Getting a part in HBO’s Kamikaze was all thanks to casting director Patrícia Vasconcelos’ Passaporte initiative, where actors get to meet foreign casting directors. So in 2018, a Danish woman who remembered Íris from back in the day invited her “without telling me a thing; I did audition after audition and I thought that was it. They changed the dates a million times and then called to say I had to go right now to the Canaries, but it was at the exact moment my play was opening, and I had to make what was a tough decision, and the next thing you know along came the pandemic. It was only afterwards that I managed to do it all. But I only played a small part in the series, you know the type: Portuguese girl on HBO. Everything in good time!” she laughs.
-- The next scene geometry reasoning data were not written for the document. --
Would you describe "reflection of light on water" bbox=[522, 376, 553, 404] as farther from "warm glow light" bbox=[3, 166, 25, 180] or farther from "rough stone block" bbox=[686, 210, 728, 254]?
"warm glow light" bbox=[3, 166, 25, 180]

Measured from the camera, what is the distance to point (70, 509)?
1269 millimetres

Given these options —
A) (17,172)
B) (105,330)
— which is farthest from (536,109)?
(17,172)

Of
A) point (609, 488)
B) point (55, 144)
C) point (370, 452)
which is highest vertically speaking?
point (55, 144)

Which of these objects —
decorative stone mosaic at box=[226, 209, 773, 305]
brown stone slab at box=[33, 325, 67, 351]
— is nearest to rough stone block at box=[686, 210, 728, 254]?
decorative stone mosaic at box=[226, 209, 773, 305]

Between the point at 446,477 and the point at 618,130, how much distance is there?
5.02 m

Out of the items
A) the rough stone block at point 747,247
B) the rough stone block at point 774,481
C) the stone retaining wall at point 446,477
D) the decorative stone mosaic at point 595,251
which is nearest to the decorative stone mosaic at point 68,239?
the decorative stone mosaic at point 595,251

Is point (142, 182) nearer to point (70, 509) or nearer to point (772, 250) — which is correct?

She adds how she really liked the way the Danish worked. “I had a flashback to my childhood, the silence, looking you directly in the eye, with room for dialogue and to breathe, on- or off-camera, the director even once telling me: ‘Take it easy, you’ve all the time in the world!’ It’s not like in Portugal, where there’s never the time nor the money.” This June and July she’s off to film the series Madrugada Suja with Rafael Morais, Victoria Guerra, Gonçalo Waddington and Manuel João, in an adaption of a book by Miguel Sousa Tavares, “and I can’t tell you any more.”
By nature “I’m very engaged and observant. When I see a movie, I’ve taught myself how to switch off and lose myself in what’s on-screen. As my brother is a director, my uncle an assistant director, and my dad a graphic designer, I’m always soaking up visuals wherever I am. My visual memory, for example, always kicks in whenever I think about the future or an idea occurs to me. And I’d love it if one day the cinematic art were to embrace me… I have such respect for it that I don’t dare say, or afford myself the luxury of saying, that one day I’d like to be behind the camera. But I have a lot of ideas and I’d really love it, no question. I work a lot with my brother behind the camera and whenever I can’t sleep I watch Makings Of…, hours spent watching interviews with directors, everything I can squeeze out of cinema. Sometimes I get a bit upset for not having done it yet, but I also know there’s a time for everything, and I’m closer than ever.”
And fashion? “I love fashion, of course!” And we notice her good taste from miles away. She has childhood memories of her grandmother “flicking through catalogues, Issey Miyake being her passion! She taught me a lot about fashion: the fabrics, colour and cut. The way I dress is pretty classic, I don’t follow the latest trends. But I love fashion shoots! I’ve yet to be invited to sit for a shoot with the kind of clothes and makeup I like, but as I’m anything but mainstream… Neither do I feel like doing something just for the sake of it.”
Íris Cayatte, an actress on the rise who we’ll be hearing a lot more about, mentions two things she hopes for: “Calm and togetherness. One thing I loved about the quarantine was the hush of birdsong and being at my window for hours in silent contemplation, without feeling bad for the world being in such a rush and me being there at my window. And a sexual revolution, but in the most charming of terms: where people come together, to reach out and reach within, to not be so selfish and to not be afraid of a sweet caress. We were once so mistrustful of each other, and I hope we don’t forget to reach out and touch. What happened to us made us look out for others and within ourselves, as one. To not be jealous, and to surround ourselves with those who are better than us, is the only way for us to learn.”